ECLI: ECLI:NL:TADRARL:2022:289
Datum uitspraak: 14-11-2022
Datum publicatie: 16-11-2022
Zaaknummer(s): 21-846/AL/GLD
Onderwerp:
  • Wat een behoorlijk advocaat betaamt t.o. de wederpartij, subonderwerp: Vrijheid van handelen
  • Wat een behoorlijk advocaat betaamt t.o. de wederpartij, subonderwerp: Fouten
Beslissingen: Beslissing op verzet
Inhoudsindicatie: Verzetbeslissing. De voorzitter heeft bij de beoordeling de juiste maatstaf toegepast en rekening gehouden met alle relevante feiten en omstandigheden. Verzet ongegrond.
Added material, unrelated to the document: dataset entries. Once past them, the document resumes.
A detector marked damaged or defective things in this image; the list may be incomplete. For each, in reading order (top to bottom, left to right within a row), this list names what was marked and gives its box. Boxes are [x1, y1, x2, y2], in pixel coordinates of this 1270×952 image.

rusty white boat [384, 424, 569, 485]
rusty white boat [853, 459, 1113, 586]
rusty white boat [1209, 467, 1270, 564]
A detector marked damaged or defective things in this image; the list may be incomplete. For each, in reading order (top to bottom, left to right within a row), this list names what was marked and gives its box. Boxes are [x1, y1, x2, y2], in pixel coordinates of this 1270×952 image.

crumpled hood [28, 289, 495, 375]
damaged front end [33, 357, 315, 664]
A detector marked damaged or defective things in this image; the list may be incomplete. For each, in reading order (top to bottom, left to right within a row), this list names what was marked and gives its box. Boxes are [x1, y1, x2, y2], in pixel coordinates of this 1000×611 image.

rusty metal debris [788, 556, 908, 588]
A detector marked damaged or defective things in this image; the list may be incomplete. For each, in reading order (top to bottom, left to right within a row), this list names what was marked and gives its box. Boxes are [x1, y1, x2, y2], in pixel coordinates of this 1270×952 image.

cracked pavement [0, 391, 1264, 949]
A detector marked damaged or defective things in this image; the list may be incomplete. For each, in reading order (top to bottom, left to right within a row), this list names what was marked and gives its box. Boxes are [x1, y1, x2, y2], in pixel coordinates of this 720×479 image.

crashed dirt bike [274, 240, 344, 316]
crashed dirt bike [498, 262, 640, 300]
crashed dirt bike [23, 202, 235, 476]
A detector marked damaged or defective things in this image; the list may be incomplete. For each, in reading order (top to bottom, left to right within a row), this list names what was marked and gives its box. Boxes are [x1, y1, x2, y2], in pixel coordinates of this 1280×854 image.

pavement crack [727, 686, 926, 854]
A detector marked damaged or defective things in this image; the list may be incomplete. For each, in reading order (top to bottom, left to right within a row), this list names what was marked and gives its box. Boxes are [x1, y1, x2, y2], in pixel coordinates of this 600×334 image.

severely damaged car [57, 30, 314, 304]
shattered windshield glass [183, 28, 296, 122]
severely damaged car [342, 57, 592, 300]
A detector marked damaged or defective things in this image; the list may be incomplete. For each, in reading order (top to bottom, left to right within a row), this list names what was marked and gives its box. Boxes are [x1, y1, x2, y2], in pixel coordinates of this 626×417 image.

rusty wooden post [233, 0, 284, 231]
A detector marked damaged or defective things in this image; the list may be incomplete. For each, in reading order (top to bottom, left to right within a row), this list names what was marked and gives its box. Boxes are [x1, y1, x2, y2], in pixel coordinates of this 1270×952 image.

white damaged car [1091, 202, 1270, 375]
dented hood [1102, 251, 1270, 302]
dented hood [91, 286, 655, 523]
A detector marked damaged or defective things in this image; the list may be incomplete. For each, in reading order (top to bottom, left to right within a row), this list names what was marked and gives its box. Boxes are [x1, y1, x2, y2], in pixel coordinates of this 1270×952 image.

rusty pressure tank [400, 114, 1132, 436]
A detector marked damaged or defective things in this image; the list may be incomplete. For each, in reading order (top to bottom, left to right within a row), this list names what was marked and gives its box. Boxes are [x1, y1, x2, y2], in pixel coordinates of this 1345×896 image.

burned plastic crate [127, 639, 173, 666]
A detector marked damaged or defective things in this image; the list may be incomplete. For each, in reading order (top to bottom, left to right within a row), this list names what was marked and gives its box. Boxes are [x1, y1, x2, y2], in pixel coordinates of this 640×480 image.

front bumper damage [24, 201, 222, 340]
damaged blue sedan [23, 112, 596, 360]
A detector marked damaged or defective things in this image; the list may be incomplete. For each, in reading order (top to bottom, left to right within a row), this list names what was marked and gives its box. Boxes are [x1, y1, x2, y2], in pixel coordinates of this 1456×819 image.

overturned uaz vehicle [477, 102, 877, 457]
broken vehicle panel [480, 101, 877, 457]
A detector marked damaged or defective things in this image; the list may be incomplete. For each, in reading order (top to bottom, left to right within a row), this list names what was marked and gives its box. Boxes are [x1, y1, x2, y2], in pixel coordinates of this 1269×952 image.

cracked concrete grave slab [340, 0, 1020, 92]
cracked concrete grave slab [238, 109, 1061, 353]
Beslissing van de Raad van Discipline in het ressort Arnhem-Leeuwarden van 14 november 2022
in de zaak 21-846/AL/GLD
naar aanleiding van het verzet tegen de beslissing van de plaatsvervangend voorzitter van de raad van discipline van 3 januari 2022 op de klacht van:

klaagster
over
verweerster

1 VERLOOP VAN DE PROCEDURE
1.1 Op 13 oktober 2020 heeft klaagster bij de deken van de Orde van Advocaten in het arrondissement Gelderland (hierna: de deken) een klacht ingediend over verweerster.
1.2 Op 20 oktober 2021 heeft de raad het klachtdossier met kenmerk K 20/143 van de deken ontvangen.
1.3 Bij beslissing van 3 januari 2022 heeft de plaatsvervangend voorzitter van de raad (hierna ook: de voorzitter) de klacht deels kennelijk niet-ontvankelijk en deels kennelijk ongegrond verklaard. Deze beslissing is op diezelfde datum verzonden aan partijen.
1.4 Op 15 januari 2022 heeft klaagster verzet ingesteld tegen de beslissing van de voorzitter. De raad heeft het verzetschrift op dezelfde datum ontvangen.
1.5 Het verzet is behandeld op de zitting van de raad van 12 september 2022. Daarbij waren klaagster en verweerster aanwezig.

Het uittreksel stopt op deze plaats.